Que minha mãe ensinou pra gente. Com um pouquinho de estudo que ela tem. Ela é mó massa. Estudou até a quarta série e, tipo, ensinava a gente a fazer dever. Acho isso mó massa. É só a presença mesmo! Porque hoje em dia fico vendo, tem muita mãe que não ensina assim, sabe. E tem um estudo assim e tal. Ela não tinha, e ensinava e a gente aprendia, assim, tipo, tabuada, essas coisas e tal. Vamos pesquisar junto. A gente tinha uma enciclopédia que ficava até aqui. Tirou porque não tem mais hoje um porquê você ter uma enciclopédia em casa. Mas os trabalhos que a gente fazia, assim, tipo, olimpíadas, essas coisas, ela ajudava a gente a pesquisar. Ditava pra gente. Era como se fosse um Google assim [a enciclopédia]. E gigantesca... (EDUARDO, 2012).
O jovem estabeleceu uma forte relação da função socializadora da família atrelada à socialização escolar; as interdependências pessoais e ligações emocionais foram também densamente vividas e reconhecidas por ele. Contudo, nas relações familiares de Eduardo, percebe-se uma consciência de sua alteridade, uma dinâmica decisiva da sua construção individual como sujeito. As demarcações da autonomia como indivíduo eram possibilitadas também por outras instâncias fundamentais, os coletivos juvenis e a sua produção artística. A família incentivava, valorizava e reconhecia sua existência pessoal marcada por outras matrizes de cultura. No espaço familiar, ele mantinha referências de afeto, segurança e acolhimento, mas também a própria família sustentava suas escolhas individuais. O espaço privado familiar se configurava por formas relacionais e autônomas a serviço de gerenciamento do "eu", ou, como aponta François de Singly, nessa configuração familiar alcança-se a possibilidade de "estar juntos e livres" (SINGLY, 2007).

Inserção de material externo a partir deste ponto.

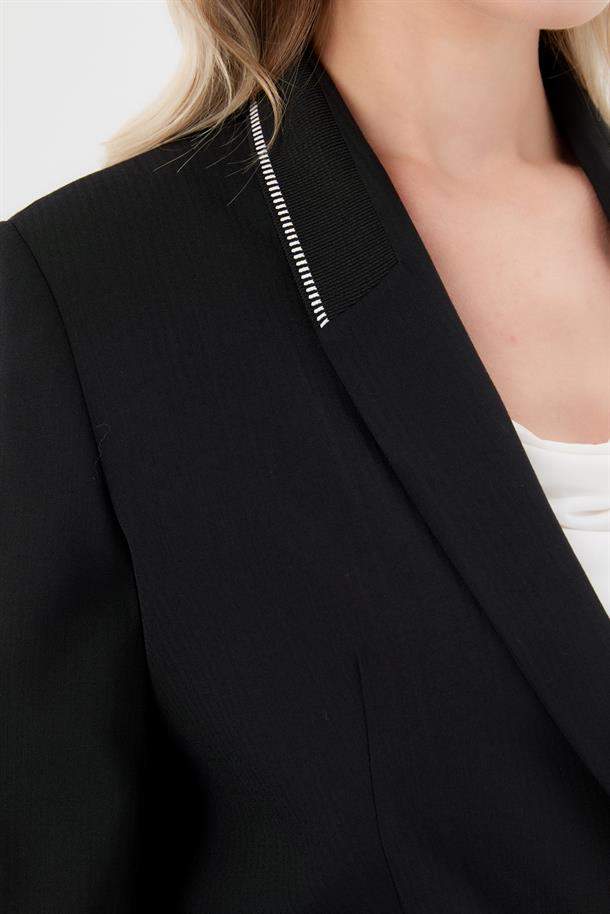 Yakası Şerit Detay Büyük Beden Ceket-SİYAH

Eduardo assinalava o apoio irrestrito da família à sua carreira musical e artística. Quando falava sobre esse reconhecido suporte em sua sustentação como artista, o jovem destacava que a assistência não se restringia a um amparo enfraquecido. Mesmo que ele estabelecesse outros fortes referenciais identitários para a construção da sua própria história (como a cultura hip hop, curiosamente, outra instância nomeada como família), as práticas e narrativas no âmbito da família corroboravam o consenso de sua escolha por um estilo musical como profissão. Cyntia Sarti (2004) afirma que os/as jovens buscam outros referenciais para a construção da identidade fora do ambiente doméstico, prática de um processo de afirmação individual e social, recriando "famílias" (como construção de "nós"), fora de seu âmbito familiar de origem. Em expressões das culturas juvenis, é comum que grupos próximos se autodenominem como família, evidenciando uma reconstrução simbólica das relações familiares em outras bases (DAYRELL, 2005).

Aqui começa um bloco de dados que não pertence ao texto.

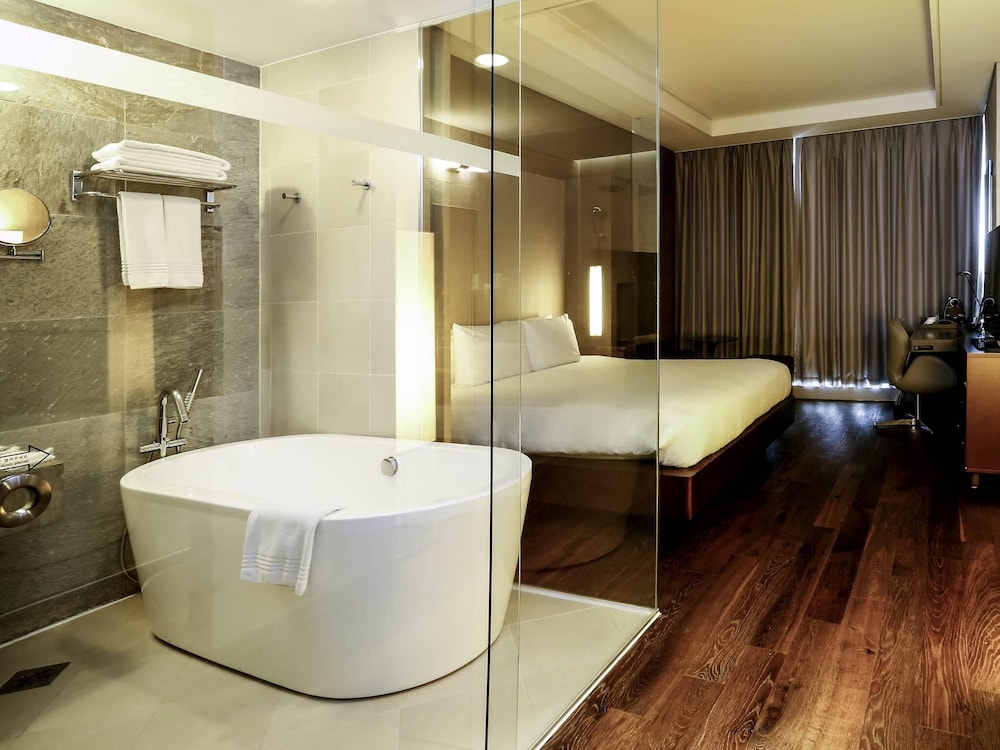 HABITACIÓN EJECUTIVA, 1 Cama King Size del hotel Grand Mercure Ambassador Changwon. Foto 5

A família era, para Eduardo, espaço não só possível, mas ambiente favorável e referência para suas construções individuais. Era ao mesmo tempo "alicerce de identidade" (SARTI, 1999, p. 100) e "[...] suporte para sua individuação [...]" (MARTUCCELLI, 2007, p. 9) como artista, mesmo que o estilo musical não fosse apreciado por seu pai, conforme relatou.
Minha família apoia demais. Demais, assim. Não é aquele apoio do tipo "ah, vai lá fazer o show", sabe. É um apoio meio de tipo "o que precisar tá aqui". Tava pensando nisso esses dias, assim, tipo, minha família, mó, é... Mas, é, no início meu pai não gostava muito da música rap. Mas nunca foi contra eu cantar. Só tipo "ah, não gosto dessas músicas, não" e minha mãe sempre me deu ouvido. Mas a família sempre foi de boa, assim. Meu pai e minha mãe hoje em dia é alicerce pra mim, sabe (EDUARDO, 2012).

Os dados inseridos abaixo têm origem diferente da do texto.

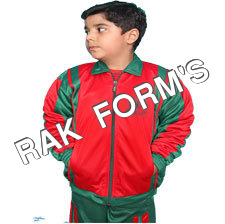 स्कूल वर्दी ट्रैकसूट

Entre os 15 e 17 anos de idade, Eduardo frequentava o ensino médio noturno em uma escola situada no centro de Belo Horizonte que recebia alunos de vários bairros da cidade e mesmo da região metropolitana. Todo o ensino fundamental foi cursado em uma escola pública dentro do Aglomerado da Serra. Segundo ele, a mudança de escola e a escolha pelo período noturno foram necessárias para conciliar a escolarização e o trabalho. E também foi oportuna para ampliação da sua rede de relações, para a descoberta e o interesse pelo movimento estudantil e pelo encontro com outros jovens que, como ele, "amavam rap" (EDUARDO, 2012). As experiências escolares no ensino médio foram lembradas de maneira muito positiva, sem lembranças sobre a relação com professores(as), mas, principalmente, por narrativas que centralizavam a sociabilidade e as relações de amizade. Apesar de não se considerar estudioso, Eduardo não teve qualquer reprovação em sua trajetória. Coincidentemente, no dia anterior a uma das entrevistas, ele retornava da escola com seu histórico escolar.
Ontem, eu peguei meu histórico. Sabe qual foi minha maior nota no ensino médio? Setenta e um. Eu era muito ruim. Ontem, eu tive a certeza que eu nunca fui bom aluno. De ter uma nota boa mesmo, e tal. Jamais. Setenta e um é muito ruim, né. Nossa! Que é isso! Não sei por que eu passava de ano assim. Eu nunca fui de matar aula. Nunca, nunca, nunca! Nem quando estudava no bairro aqui. Sempre achei a escola um lugar massa, assim, de ir, conviver, trocar ideia. E eu não lembro, assim, na minha trajetória, assim, de escola, eu parando pra estudar mesmo, de verdade, sabe. Eu sempre, tipo, "ai vai ter prova amanhã, estudo isso aqui" e tal (EDUARDO, 2012).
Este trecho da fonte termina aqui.